Graphic by Evelyn Lee
A few years ago, there was a campus conversation about whether we prize civility too much over robust disagreement. The line is fine and important. In fact, I value both and hope to contribute to a university campus where strong, carefully articulated positions are placed in conversation with confidence and vigor. As with most things, however, there is a fairly logical point at which advocacy crosses the line and becomes less valuable and more threatening in nature.
We cannot aspire to speak always with one voice or to agree on all things, but we should seek to find a standard of debate and discourse in all matters that does not chill the participation of others and is not designed to merely silence opposition. Is it silence that we want? Moreover, is it silence that advances learning in community? I do not think so.
Moving well beyond the college campus, one cannot help but be discouraged by the shrill and embarrassing verbiage being used to position political platforms and tear down the opposition. When truth is used as a fungible commodity to achieve political ends, I feel incredibly tired and discouraged. Some delight in that behavior and cheer, but I simply cannot, for new lows are hard to celebrate. Is there an end in sight to this silliness, or have we established a new normative state for political suasion?
Frankly, I do not care much for intramural argument just for the sake of argument, especially if conducted at high volume and with sharp rhetoric; I never have, as it always seems to have a large load of hubris in attendance. I distance myself from bombast and histrionics and gravitate much more easily toward logic and careful thought.

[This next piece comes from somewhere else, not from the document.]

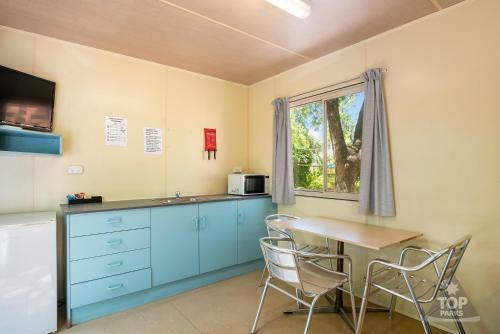 Motel Riverview Tourist Village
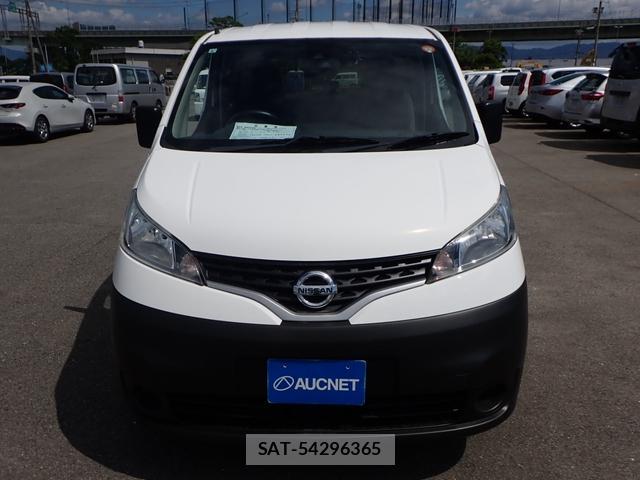 Nissan NV200 VANETTE WAGON 2020-06 7705665-3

I ran across a phrase recently that I like very much: convicted civility. As soon as I saw those two words together I knew immediately and exactly what they meant. I admire strong convictions presented fairly and without elements of ad hominem attack in pursuit of truth and, even, fairness and justice. Lutheran scholar Martin Marty once said, “People these days who are civil often lack strong convictions, and people with strong religious convictions often are not very civil. What we need is convicted civility.” The time has come for convicted civility in all things.
I have held these personal thoughts for the past few weeks, uncertain if they would add much to any conversation. While I cannot precisely define the phrase convicted civility, I know what it means to me. It means that we can hear and process words with which we do not agree and that we can be unafraid to refute them with truth, courage and confidence. It means that as we encounter new thinking and information, that we are free to ask hard questions and to pursue answers to questions important to us. Questions should not be threatening, and answers should not be unassailable when given. Steel sharpens steel in the dialectic of learning and living.
I held onto these thoughts until this past weekend when I attended Songfest and listened to the closing song, “Let There Be Peace on Earth.” It gets me every time I must confess, I have heard that song for as long as I can remember, but in this particular year, the closing line sticks in my head: And let it begin with me. Indeed, as a Christian participating in the rhetoric of this important campaign year, in the complicated issues related to race, sexual orientation, and justice for all, let peace begin with me. Let it begin with me.